Supplied data:
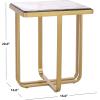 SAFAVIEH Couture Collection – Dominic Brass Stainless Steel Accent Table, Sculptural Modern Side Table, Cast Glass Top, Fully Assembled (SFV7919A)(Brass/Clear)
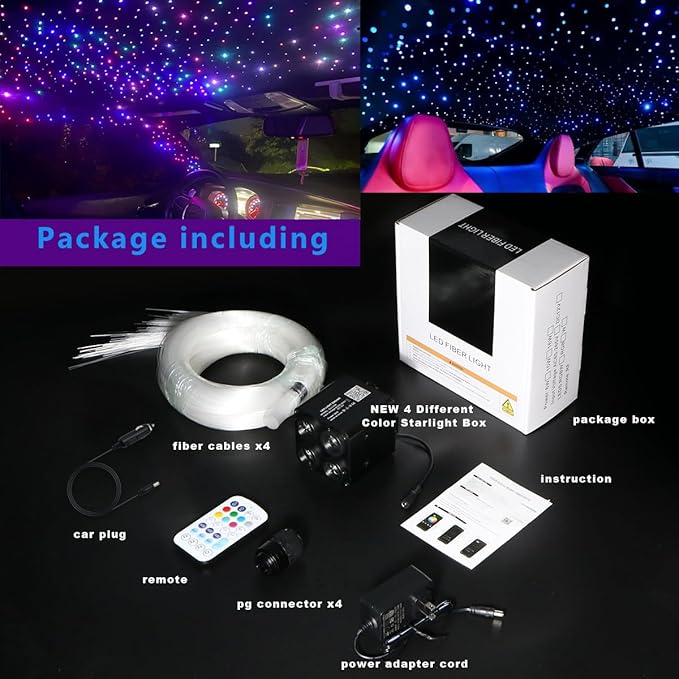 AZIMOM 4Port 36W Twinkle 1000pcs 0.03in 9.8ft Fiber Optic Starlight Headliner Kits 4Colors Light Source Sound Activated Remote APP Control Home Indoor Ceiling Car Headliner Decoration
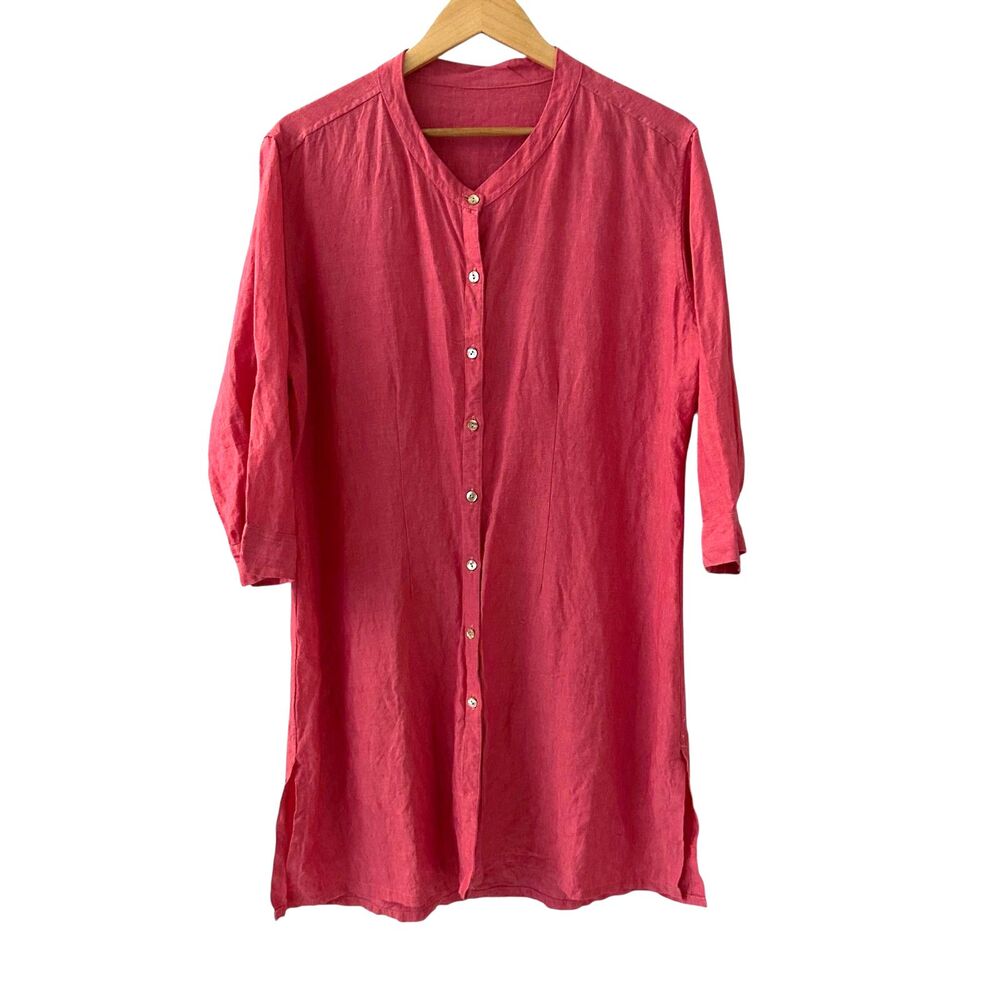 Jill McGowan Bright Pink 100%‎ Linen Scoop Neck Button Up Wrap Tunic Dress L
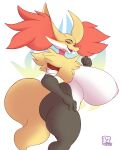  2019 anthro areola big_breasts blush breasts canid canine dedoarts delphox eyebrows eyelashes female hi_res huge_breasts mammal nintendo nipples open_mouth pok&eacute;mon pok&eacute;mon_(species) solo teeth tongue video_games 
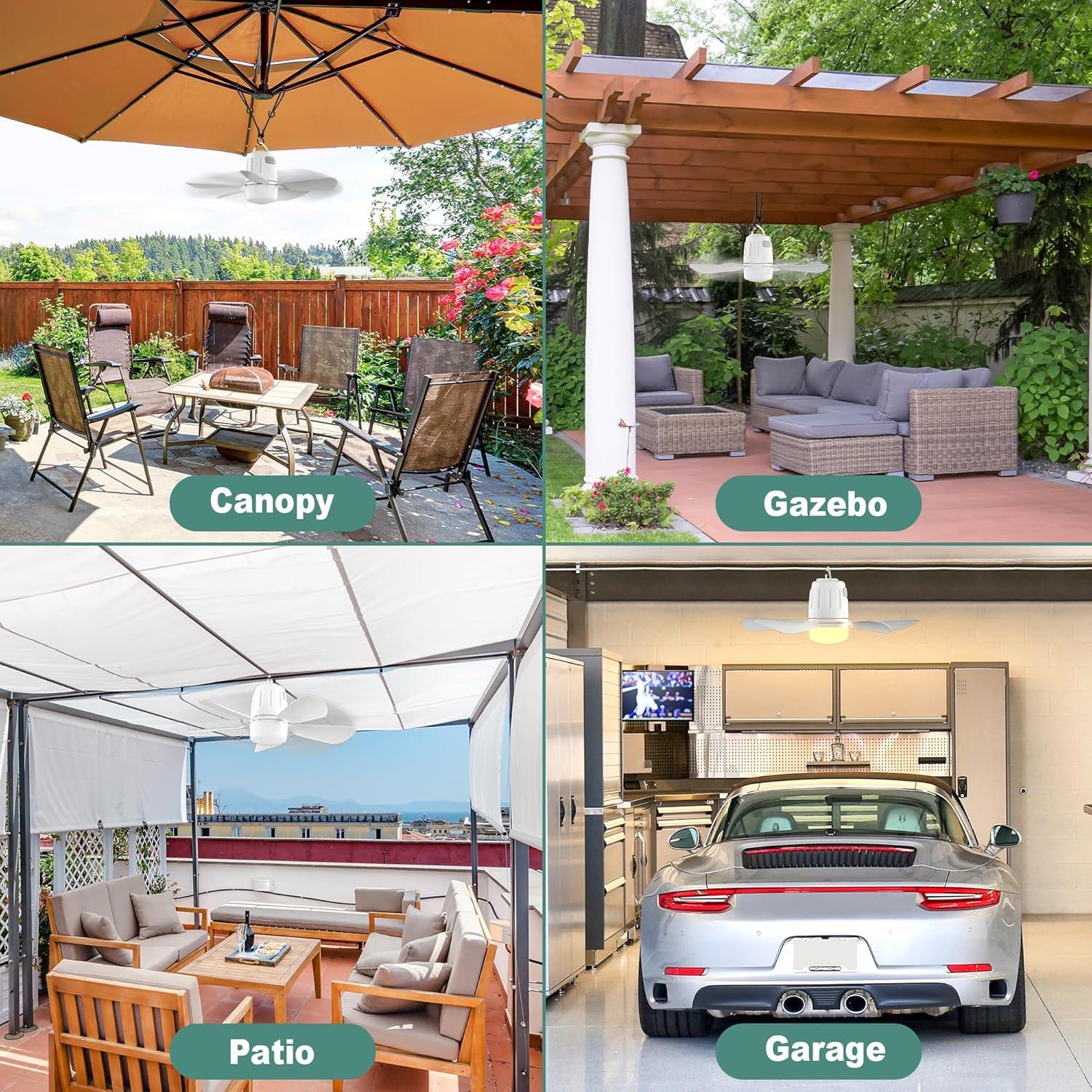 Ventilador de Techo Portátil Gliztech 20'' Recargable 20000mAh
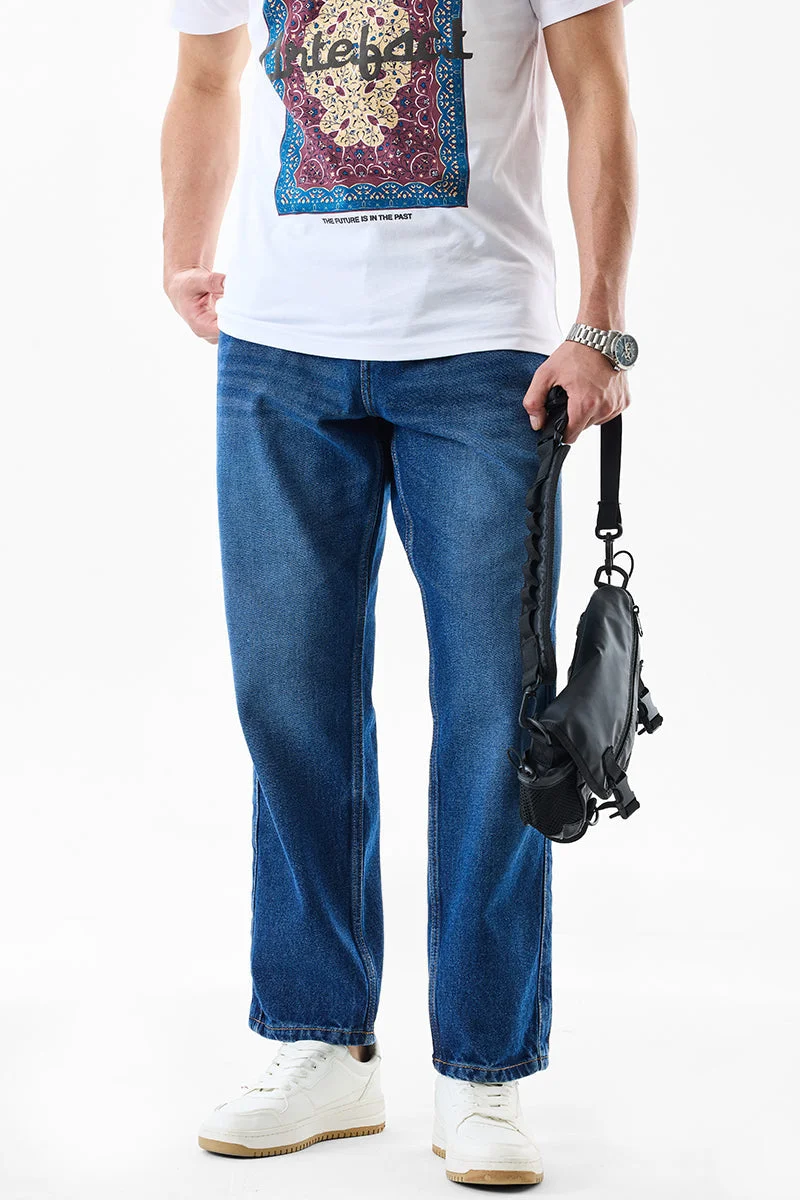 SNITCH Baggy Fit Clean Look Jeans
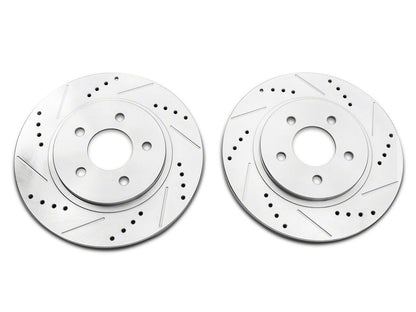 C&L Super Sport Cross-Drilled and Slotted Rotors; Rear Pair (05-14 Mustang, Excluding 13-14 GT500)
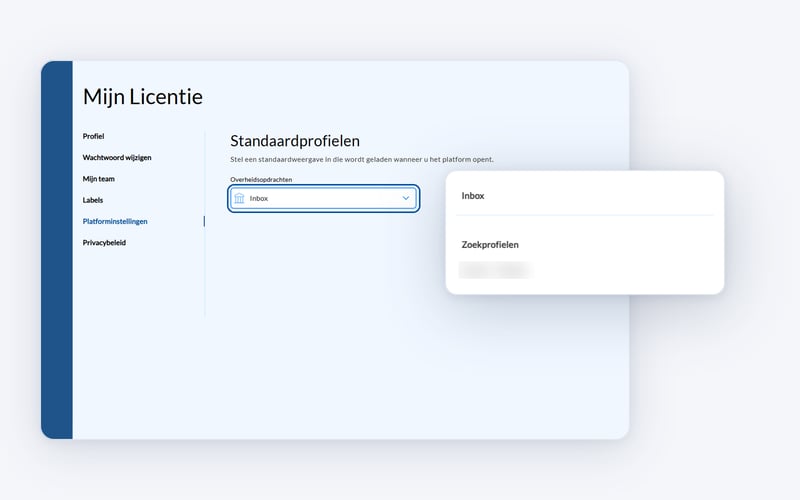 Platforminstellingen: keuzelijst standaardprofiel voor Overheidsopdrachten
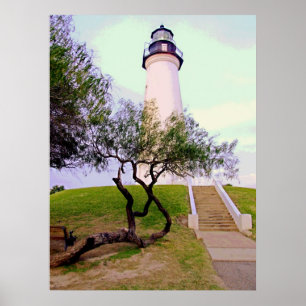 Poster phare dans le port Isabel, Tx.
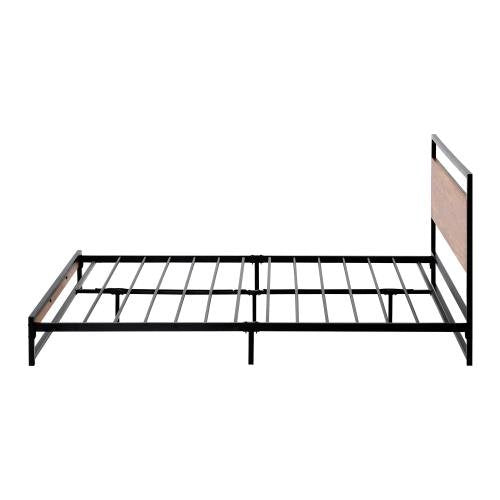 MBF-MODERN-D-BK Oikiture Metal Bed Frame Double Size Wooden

Work task: Your copy should hold each line above exactly and no pictures at all.

Result below:
 SAFAVIEH Couture Collection – Dominic Brass Stainless Steel Accent Table, Sculptural Modern Side Table, Cast Glass Top, Fully Assembled (SFV7919A)(Brass/Clear)
 AZIMOM 4Port 36W Twinkle 1000pcs 0.03in 9.8ft Fiber Optic Starlight Headliner Kits 4Colors Light Source Sound Activated Remote APP Control Home Indoor Ceiling Car Headliner Decoration
 Jill McGowan Bright Pink 100%‎ Linen Scoop Neck Button Up Wrap Tunic Dress L
  2019 anthro areola big_breasts blush breasts canid canine dedoarts delphox eyebrows eyelashes female hi_res huge_breasts mammal nintendo nipples open_mouth pok&eacute;mon pok&eacute;mon_(species) solo teeth tongue video_games 
 Ventilador de Techo Portátil Gliztech 20'' Recargable 20000mAh
 SNITCH Baggy Fit Clean Look Jeans
 C&L Super Sport Cross-Drilled and Slotted Rotors; Rear Pair (05-14 Mustang, Excluding 13-14 GT500)
 Platforminstellingen: keuzelijst standaardprofiel voor Overheidsopdrachten
 Poster phare dans le port Isabel, Tx.
 MBF-MODERN-D-BK Oikiture Metal Bed Frame Double Size Wooden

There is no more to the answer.